A voir le mouvement qu'elle imprimait à son bras droit, vous eussiez dit qu'elle s'en aidait pour courir. Sa petite main, bien gantée, froissait impatiemment un mouchoir, et ressemblait à la rame d'une barque qui fend les ondes. Le vieillard souriait par moments; mais parfois aussi des expressions soucieuses attristaient passagèrement sa figure desséchée. Son amour pour cette belle créature lui faisait autant admirer le présent que craindre l'avenir. Il semblait se dire:—Elle est heureuse aujourd'hui, le sera-t-elle toujours? Car les vieillards sont assez enclins à doter de leurs chagrins l'avenir des jeunes gens. Quand le père et la fille arrivèrent sous le péristyle du pavillon au sommet duquel flottait le drapeau tricolore, et par où les promeneurs vont et viennent du jardin des Tuileries dans le Carrousel, les factionnaires leur crièrent d'une voix grave:—On ne passe plus!

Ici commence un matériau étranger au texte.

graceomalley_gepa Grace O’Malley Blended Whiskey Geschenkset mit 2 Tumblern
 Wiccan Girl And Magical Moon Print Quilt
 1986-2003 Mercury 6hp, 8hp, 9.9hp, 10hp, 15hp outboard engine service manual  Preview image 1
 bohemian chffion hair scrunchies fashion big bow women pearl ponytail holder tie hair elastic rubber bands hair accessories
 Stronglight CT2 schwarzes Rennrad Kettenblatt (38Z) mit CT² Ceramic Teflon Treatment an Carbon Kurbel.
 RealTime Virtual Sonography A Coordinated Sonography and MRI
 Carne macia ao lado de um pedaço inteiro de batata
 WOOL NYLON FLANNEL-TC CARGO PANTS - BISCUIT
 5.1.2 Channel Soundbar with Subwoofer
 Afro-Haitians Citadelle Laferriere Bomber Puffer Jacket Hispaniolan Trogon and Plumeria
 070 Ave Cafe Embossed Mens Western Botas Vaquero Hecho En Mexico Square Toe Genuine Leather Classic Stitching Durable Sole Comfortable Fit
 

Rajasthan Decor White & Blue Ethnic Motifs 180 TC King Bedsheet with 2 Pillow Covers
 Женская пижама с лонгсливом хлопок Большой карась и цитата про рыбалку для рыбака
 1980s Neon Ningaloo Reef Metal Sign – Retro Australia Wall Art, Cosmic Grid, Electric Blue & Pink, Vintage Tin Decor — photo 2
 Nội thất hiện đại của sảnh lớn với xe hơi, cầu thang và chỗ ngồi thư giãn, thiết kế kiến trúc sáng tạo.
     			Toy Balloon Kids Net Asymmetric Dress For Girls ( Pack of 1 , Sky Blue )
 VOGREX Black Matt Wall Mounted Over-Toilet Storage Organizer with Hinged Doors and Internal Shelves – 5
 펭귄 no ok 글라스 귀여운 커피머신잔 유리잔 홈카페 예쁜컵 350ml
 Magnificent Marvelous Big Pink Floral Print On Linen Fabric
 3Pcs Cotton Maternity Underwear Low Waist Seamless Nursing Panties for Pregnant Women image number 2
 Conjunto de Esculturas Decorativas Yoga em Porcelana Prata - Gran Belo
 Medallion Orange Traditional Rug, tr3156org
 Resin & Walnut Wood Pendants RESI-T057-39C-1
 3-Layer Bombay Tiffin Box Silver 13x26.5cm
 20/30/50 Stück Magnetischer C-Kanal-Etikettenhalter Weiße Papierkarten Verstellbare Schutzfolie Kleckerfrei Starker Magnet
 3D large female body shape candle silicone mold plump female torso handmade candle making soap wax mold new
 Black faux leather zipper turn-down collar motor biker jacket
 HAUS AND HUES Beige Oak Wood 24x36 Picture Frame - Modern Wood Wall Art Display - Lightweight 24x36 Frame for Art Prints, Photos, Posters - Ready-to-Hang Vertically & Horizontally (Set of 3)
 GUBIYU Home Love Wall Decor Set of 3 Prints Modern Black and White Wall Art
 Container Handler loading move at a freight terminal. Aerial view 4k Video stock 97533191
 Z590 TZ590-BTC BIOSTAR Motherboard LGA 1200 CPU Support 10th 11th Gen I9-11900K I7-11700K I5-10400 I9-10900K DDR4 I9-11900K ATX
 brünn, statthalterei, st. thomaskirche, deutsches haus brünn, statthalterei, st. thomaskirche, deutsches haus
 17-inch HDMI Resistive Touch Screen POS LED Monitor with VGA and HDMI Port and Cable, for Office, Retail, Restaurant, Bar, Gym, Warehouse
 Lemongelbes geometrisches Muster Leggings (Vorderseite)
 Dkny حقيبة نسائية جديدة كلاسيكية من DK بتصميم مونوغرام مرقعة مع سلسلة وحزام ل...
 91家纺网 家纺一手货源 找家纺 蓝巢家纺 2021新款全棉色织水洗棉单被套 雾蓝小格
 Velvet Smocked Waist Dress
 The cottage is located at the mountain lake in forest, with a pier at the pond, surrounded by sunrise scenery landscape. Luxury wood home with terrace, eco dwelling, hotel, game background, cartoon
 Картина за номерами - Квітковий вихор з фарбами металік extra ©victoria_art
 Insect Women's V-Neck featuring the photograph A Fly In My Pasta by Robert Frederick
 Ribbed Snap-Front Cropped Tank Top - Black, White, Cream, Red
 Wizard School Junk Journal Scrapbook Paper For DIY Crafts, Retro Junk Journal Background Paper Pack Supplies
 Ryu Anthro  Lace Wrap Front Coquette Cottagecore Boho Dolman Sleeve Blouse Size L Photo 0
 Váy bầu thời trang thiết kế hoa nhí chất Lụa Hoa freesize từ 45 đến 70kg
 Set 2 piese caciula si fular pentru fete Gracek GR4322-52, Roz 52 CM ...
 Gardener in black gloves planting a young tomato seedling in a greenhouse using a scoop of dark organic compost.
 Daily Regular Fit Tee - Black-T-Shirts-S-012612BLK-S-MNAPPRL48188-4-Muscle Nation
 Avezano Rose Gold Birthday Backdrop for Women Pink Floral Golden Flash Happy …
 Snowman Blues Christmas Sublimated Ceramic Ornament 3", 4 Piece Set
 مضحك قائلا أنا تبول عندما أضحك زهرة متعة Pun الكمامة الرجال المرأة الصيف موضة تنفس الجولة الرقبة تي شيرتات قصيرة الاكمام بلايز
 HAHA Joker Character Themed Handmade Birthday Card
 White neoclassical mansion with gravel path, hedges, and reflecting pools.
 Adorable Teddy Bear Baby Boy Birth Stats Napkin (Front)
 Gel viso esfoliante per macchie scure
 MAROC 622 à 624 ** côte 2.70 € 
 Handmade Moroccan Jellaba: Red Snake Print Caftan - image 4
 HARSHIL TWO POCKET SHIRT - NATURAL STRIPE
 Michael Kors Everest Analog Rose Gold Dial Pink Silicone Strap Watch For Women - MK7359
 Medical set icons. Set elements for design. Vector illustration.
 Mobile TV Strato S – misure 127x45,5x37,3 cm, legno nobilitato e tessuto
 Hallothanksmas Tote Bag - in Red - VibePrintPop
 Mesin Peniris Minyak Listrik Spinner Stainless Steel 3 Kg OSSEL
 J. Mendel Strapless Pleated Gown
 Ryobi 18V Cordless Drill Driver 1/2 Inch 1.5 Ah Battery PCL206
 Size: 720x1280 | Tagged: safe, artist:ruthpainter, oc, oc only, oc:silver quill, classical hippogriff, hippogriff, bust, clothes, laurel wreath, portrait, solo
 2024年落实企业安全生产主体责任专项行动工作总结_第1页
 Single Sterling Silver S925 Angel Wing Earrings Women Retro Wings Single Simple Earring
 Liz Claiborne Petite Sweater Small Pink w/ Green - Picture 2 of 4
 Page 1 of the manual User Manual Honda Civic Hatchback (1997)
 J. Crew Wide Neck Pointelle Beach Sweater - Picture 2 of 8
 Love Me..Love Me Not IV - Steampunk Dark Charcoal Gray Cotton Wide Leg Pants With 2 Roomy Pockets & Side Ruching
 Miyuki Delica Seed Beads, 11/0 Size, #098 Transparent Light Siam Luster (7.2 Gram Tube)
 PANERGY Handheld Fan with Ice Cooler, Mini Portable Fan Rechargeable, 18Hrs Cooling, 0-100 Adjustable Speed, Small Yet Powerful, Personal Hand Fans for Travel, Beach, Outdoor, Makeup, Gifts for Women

L'enfant se haussa sur la pointe des pieds, et put entrevoir une foule de femmes parées qui encombraient les deux côtés de la vieille arcade en marbre par où l'empereur devait sortir.
—Tu le vois bien, mon père, nous sommes partis trop tard.
Sa petite moue chagrine trahissait l'importance qu'elle avait mise à se trouver à cette revue.
—Eh! bien, Julie, allons-nous-en, tu n'aimes pas à être foulée.
—Restons, mon père. D'ici je puis encore apercevoir l'empereur. S'il périssait pendant la campagne, je ne l'aurais jamais vu.